- What is required:
Word for word, restate the lines from the top of the records below through the line with "At the end of", both included, with no pictures in the result.
--------------------------------------------------
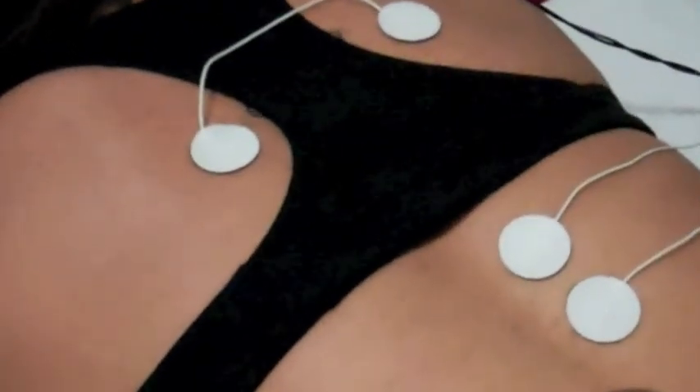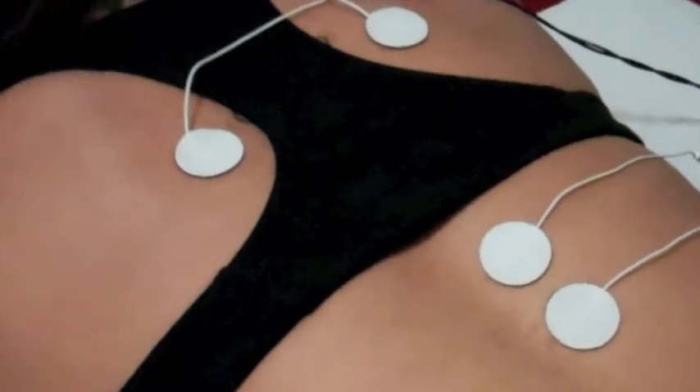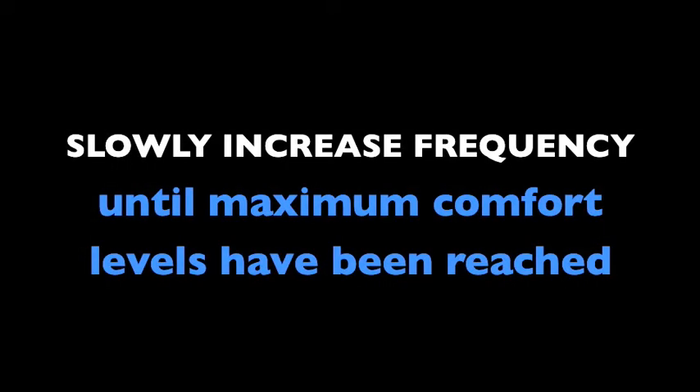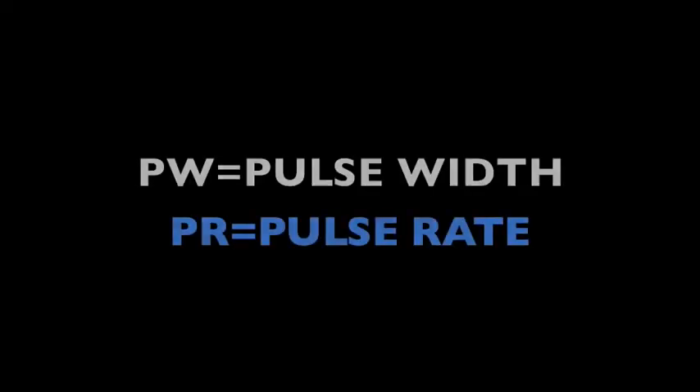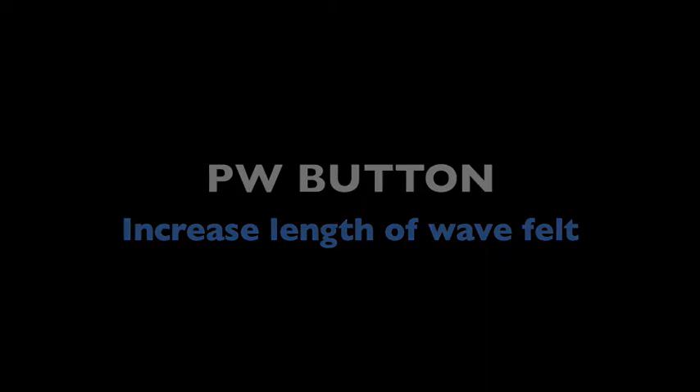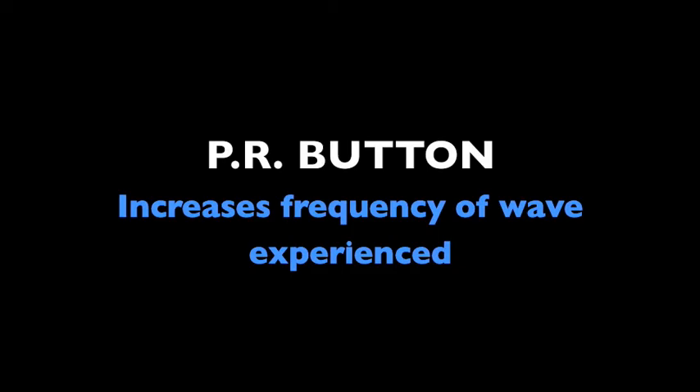Once electrodes have been properly applied, make sure the lead wires are attached to the unit and push the ON button to activate the device. Slowly increase the channel frequency until maximum comfort levels have been reached. You may also utilize the PW or PR buttons on the device. The PW button will increase the size of the pain relieving waves felt, while the PR button will increase the frequency of the pain relieving waves experienced. In order to achieve maximum results, it is important that the patient use the device to one's comfort level.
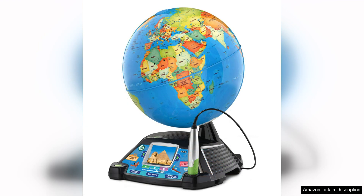One of the key features of the Magic Adventures Globe is its interactive nature. Children can use the attached stylus to touch different parts of the globe and learn fun facts about various countries and regions. This hands-on approach to learning helps to keep kids engaged and interested in the world around them.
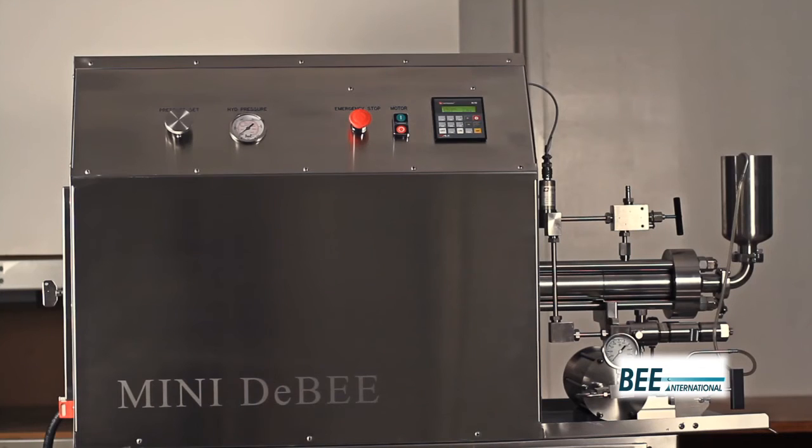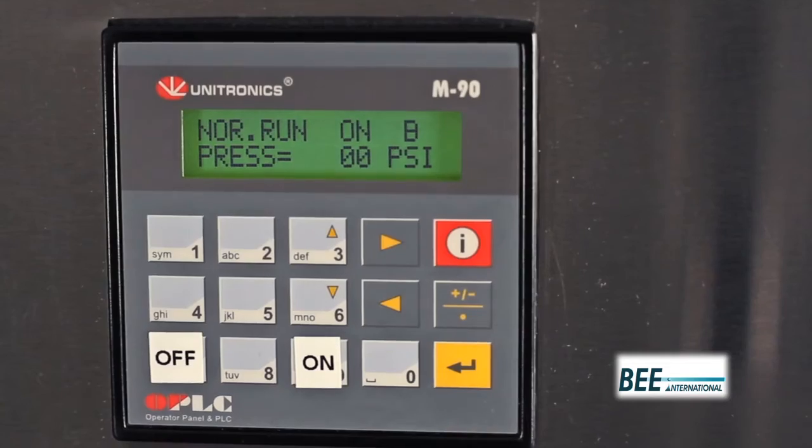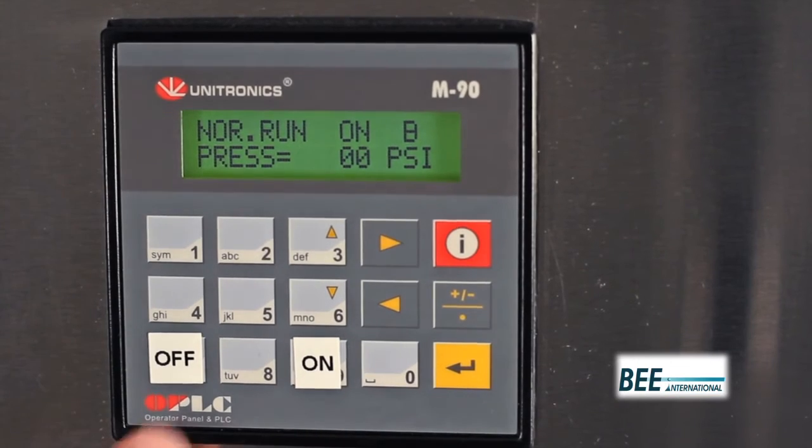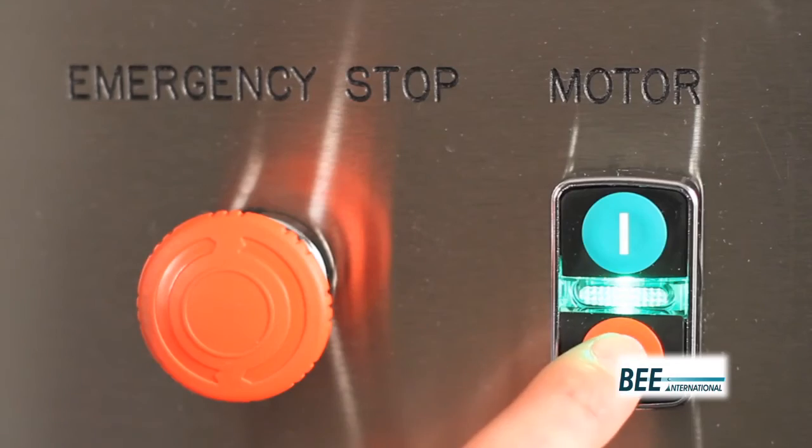At the end of operation, turn the pressure set dial counterclockwise until process pressure reads zero and press off on the PLC to turn off the intensifier pump. Then turn off the motor button.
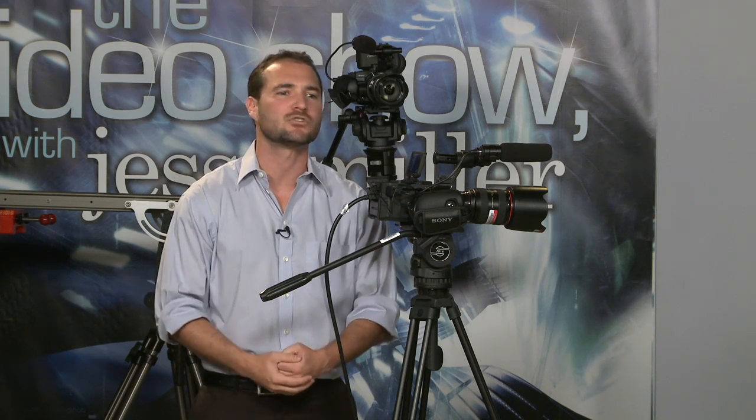One thing this MTF adapter doesn't have — which keeps it in that $380 price range — is electronic control. What might that be important for? Iris on a lens. So this Canon 24-70mm f/2.8 lens: I've got no way to control the iris. I don't have control of third-party lenses unless I'm using a powered adapter. There are rumors that a company called Berger is going to release SLR adapters that will let you power the lens with a Sony battery and control your iris, but until those ship, we're sort of stuck.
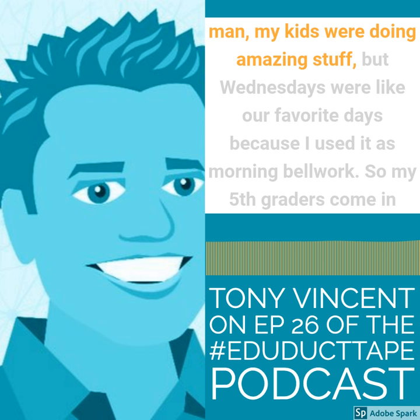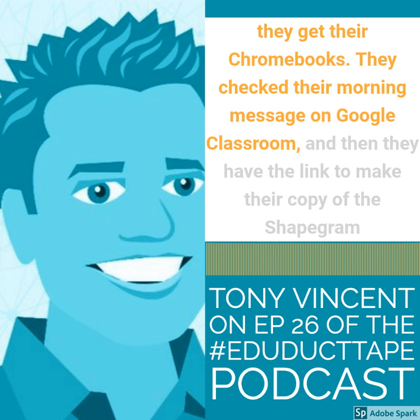Wednesdays were like our favorite days because I used it as morning bell work. So my fifth graders come in, they get their Chromebooks, they check their morning message on Google Classroom, and then they have the link to make their copy of the shape gram.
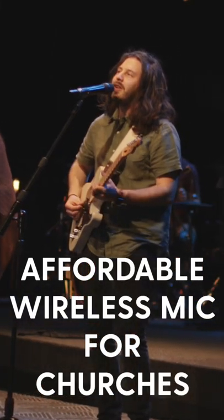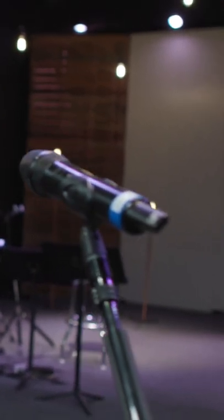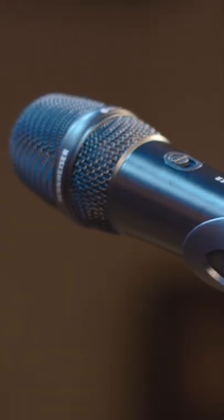Hey guys, so Sennheiser sent us these microphones a couple months ago. They gave us four of these EWD1 series with 835 heads on them.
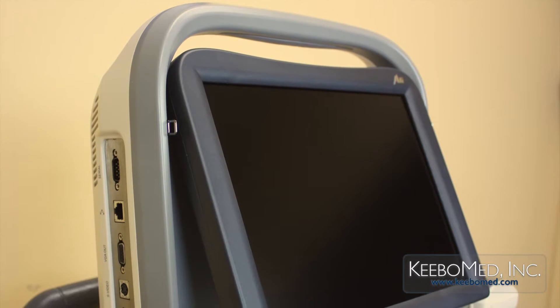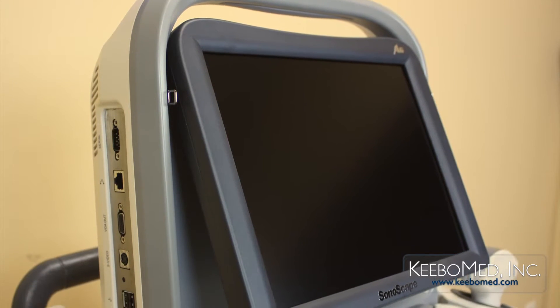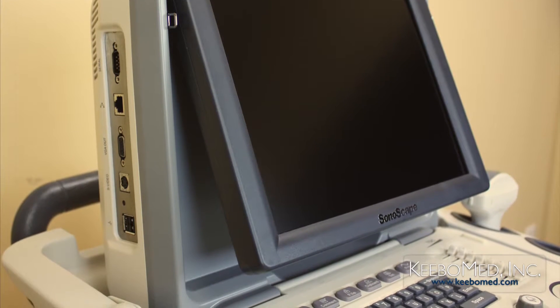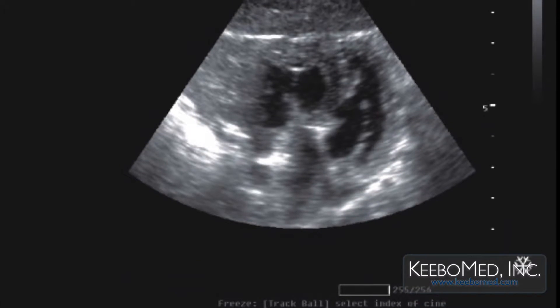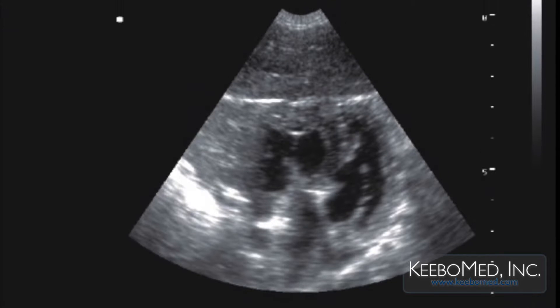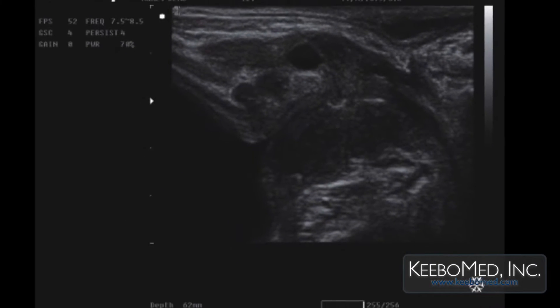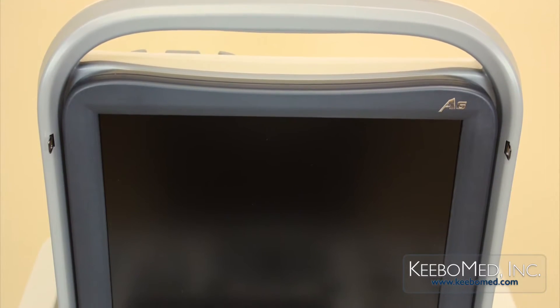Compared to conventional LCD monitors, the industrial-grade LCD monitor installed on the A6 supports the display of ultrasound images with higher resolution and has more grayscale levels. It also weighs less, reducing the overall weight of the ultrasound system.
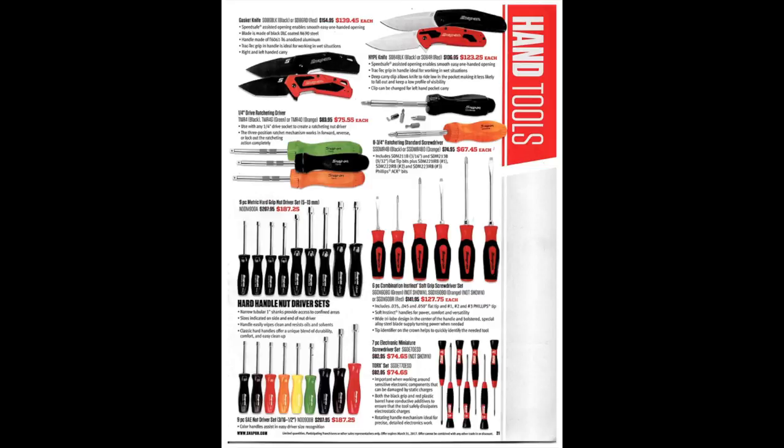Here we've got a gasket knife, pipe knife, and some ratcheting screwdrivers — I like them, I have them, they can eliminate a lot of other tools in your box and save space. There's a six-piece combination instant-grip soft-grip screwdriver set — a little pricey but they're nice; I'd recommend them. There's also a hard handle nut driver set, a nine-piece SAE nut driver set, and an electronic miniature screwdriver set — all good things to have.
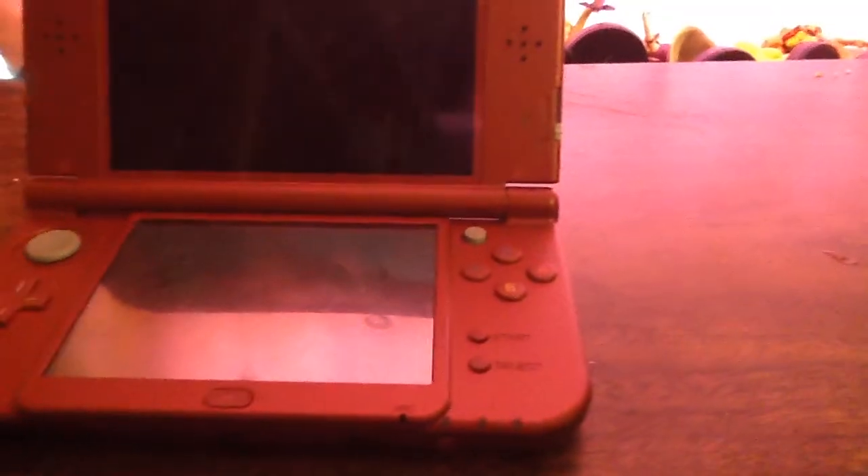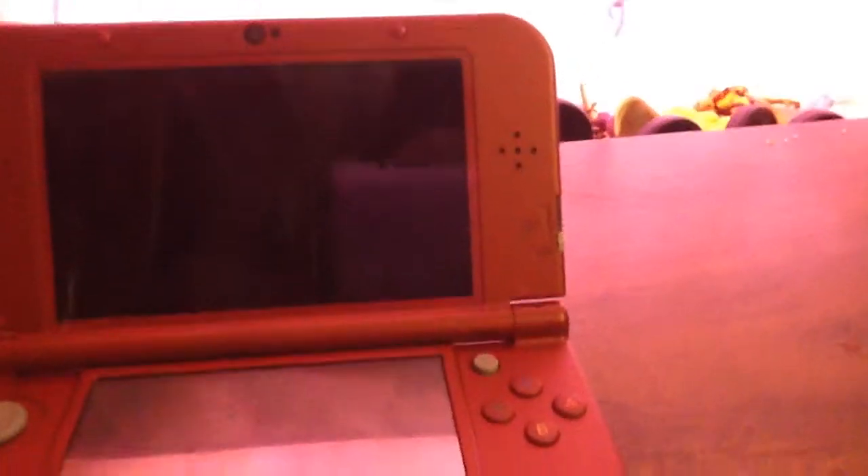It looks pretty good so far, so I'm gonna actually open it. It looks pretty good. There's the new Nintendo 3DS XL. It is the best of our year. I am playing Majora's Mask on it. So that was it for this unboxing.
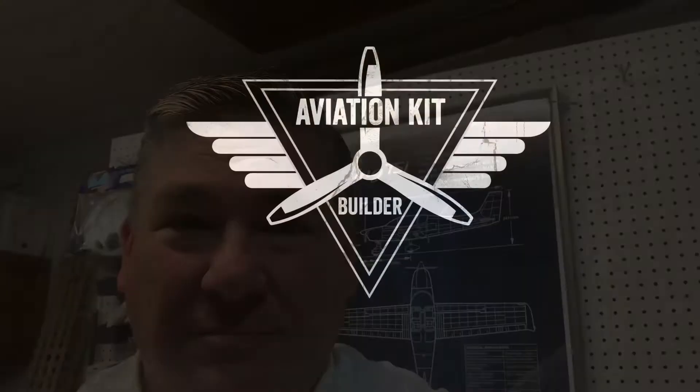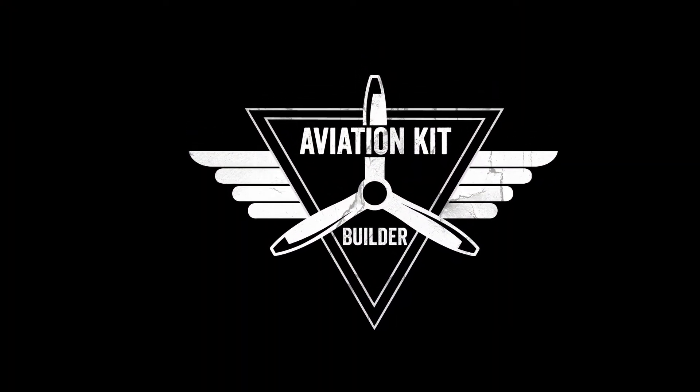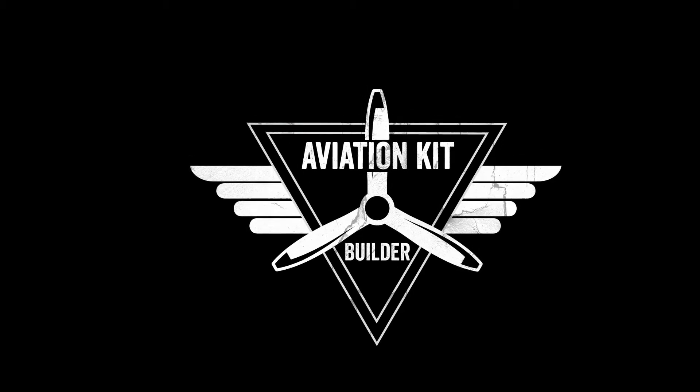Hi, my name is Scott, and this is my YouTube channel, Aviation Kit Builder. This is Scott, and I'm doing some YouTube videos to chronicle my work to build a Sling TSI.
--------------------------------------------------
- Solution to the problem:
Once electrodes have been properly applied, make sure the lead wires are attached to the unit and push the ON button to activate the device. Slowly increase the channel frequency until maximum comfort levels have been reached. You may also utilize the PW or PR buttons on the device. The PW button will increase the size of the pain relieving waves felt, while the PR button will increase the frequency of the pain relieving waves experienced. In order to achieve maximum results, it is important that the patient use the device to one's comfort level.
One of the key features of the Magic Adventures Globe is its interactive nature. Children can use the attached stylus to touch different parts of the globe and learn fun facts about various countries and regions. This hands-on approach to learning helps to keep kids engaged and interested in the world around them.
At the end of operation, turn the pressure set dial counterclockwise until process pressure reads zero and press off on the PLC to turn off the intensifier pump. Then turn off the motor button.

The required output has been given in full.